Despite intense theoretical efforts over more than a decade, it is
not
yet clear how the above problems could find a solution. If one tries
to make sense of perturbation theory around a flat classical
background, avoiding unnatural fine-tunings, a promising starting
point are the supergravity models [\ref{nscl},\ref{nsqu}]
characterized by a manifestly positive-semidefinite classical
potential, with all minima corresponding to broken supersymmetry and
vanishing vacuum energy, and the gravitino mass sliding along some
flat direction, parametrized by a gauge-singlet scalar field. At the
classical level, the gravitino mass $m_{3/2}$ is undetermined and
$SU(2) \times U(1)$ is unbroken, thus the structure of quantum
corrections becomes of crucial importance for the viability of such a
scenario. At the pure supergravity level, there is no way of
controlling ${\cal O} (m_{3/2}^2 \mpl^2)$ contributions to the
effective potential, coming from loop corrections in the underlying
quantum theory of gravity, which if present would generically forbid
both the desired hierarchies. One can at most assume that these
contributions are absent, in which case [\ref{nsqu}] logarithmic
quantum corrections can induce a gravitino mass $m_{3/2} \ll \mpl$
and break $SU(2) \times U(1)$, with $m_Z = {\cal O} (m_{3/2})$. Along
this line, some progress has recently been made in the framework of
four-dimensional superstrings, where quantum corrections can be
consistently computed and incorporated in the effective supergravity
theories: it was possible to identify a restricted class of
models [\ref{lhc}] where loop contributions to the vacuum energy are
computed to be at most ${\cal O} (m_{3/2}^4)$; however, as we shall
describe below, a number of problems were still left unsolved.

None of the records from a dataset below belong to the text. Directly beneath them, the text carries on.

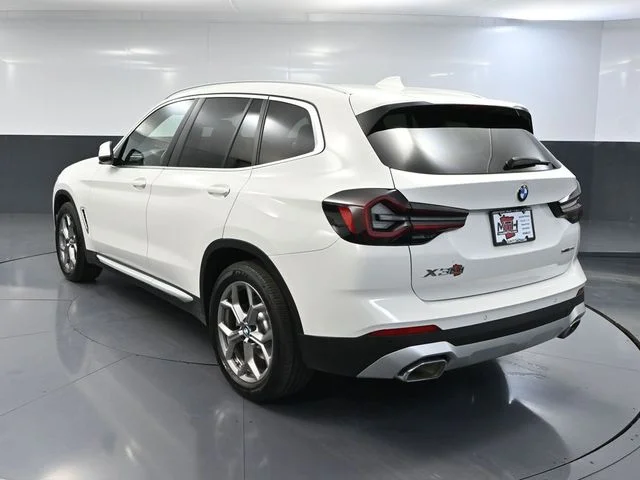 Used 2023 White BMW xDrive30i image 9
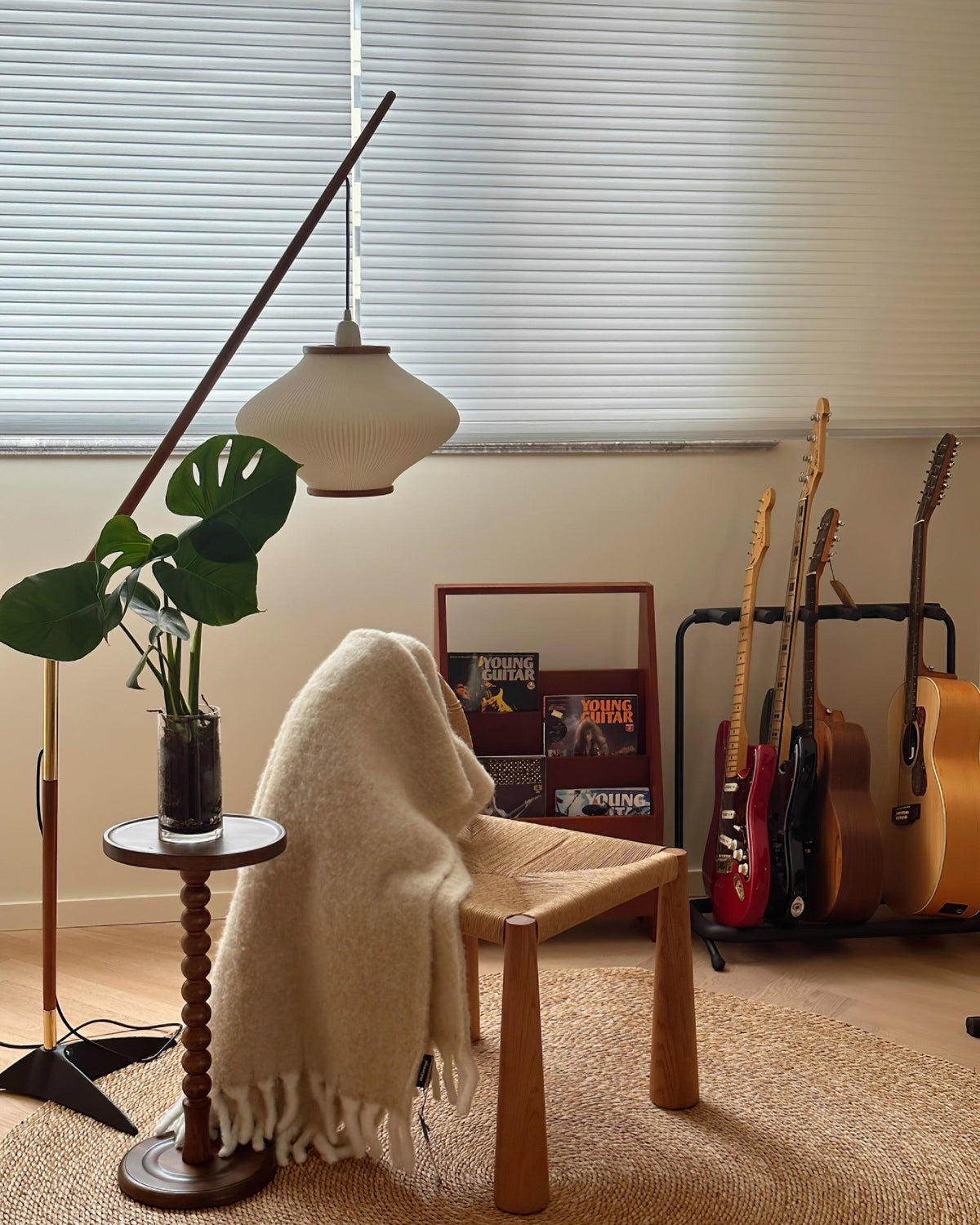 Ervenil lámpara de pie de madera y vidrio estilo mid-century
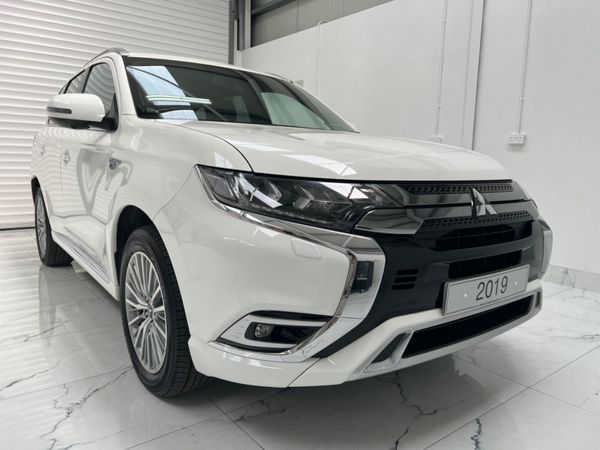 Mitsubishi Outlander SUV, Petrol Hybrid, 2019, White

To prepare for the following discussion, we would like to recall
that, in the above as well as in many other supergravity models, one
first discusses supersymmetry breaking in a classical effective
supergravity, with a gauge-singlet goldstino belonging to a hidden
sector, coupled to the MSSM states via interactions of gravitational
strength. Then one takes the flat limit, formally decoupling the
hidden sector, and recovers the MSSM with specified forms of its mass
parameters. Finally, one computes quantum corrections due to
renormalizable MSSM interactions, to discuss the radiative breaking
of $SU(2) \times U(1)$ and the dynamical determination of mass
scales.

The most important among the unsolved problems is that of the vacuum
energy, which cannot be avoided if one claims to be discussing the
low-energy effective theory of a fundamental theory of all
interactions, including the gravitational ones. Even if, in the
framework of the MSSM, one parametrizes [\ref{kpz}] the hidden sector
contribution to the cosmological constant with a potential term
$\Delta V_{cosm} = \eta m_{3/2}^4$, this is not adequate to ensure
the vanishing of the vacuum energy generated by the breaking of
$SU(2) \times U(1)$: the gravitino mass is a dynamical variable, and
the minimization condition with respect to $m_{3/2}$, $(\partial V /
\partial m_{3/2}) = 0$, is not necessarily compatible with the
condition of vanishing vacuum energy, $V=0$. In general, one expects
a non-vanishing vacuum energy ${\cal O} (m_Z^4)$ to be generated,
which is unlikely to be cancelled by phase transitions involving much
lower mass scales.

Another theoretical, more technical problem of the previous approach
is the consistent inclusion of quantum corrections. In principle,
these quantum corrections must be computed in the fundamental
four-dimensional string theory. Unfortunately, only a very restricted
class of models for supersymmetry breaking has been consistently
formulated at the string level: for the moment, we are bound to the
orbifold models in which supersymmetry is spontaneously broken at the
string tree level [\ref{ss}]. Moreover, despite many recent
developments [\ref{strqu}] in the computation of string loop
corrections to the defining functions of the low-energy effective
supergravity, complete results, including all the relevant
field-dependences, are not yet available. The situation is even worse
for the models of supersymmetry breaking involving non-perturbative
phenomena: until now, some models based on gaugino condensation have
been formulated only at the level of the effective supergravity
theories [\ref{gcond}], whilst others [\ref{others}] have been
thoroughly discussed only at the level of global supersymmetry.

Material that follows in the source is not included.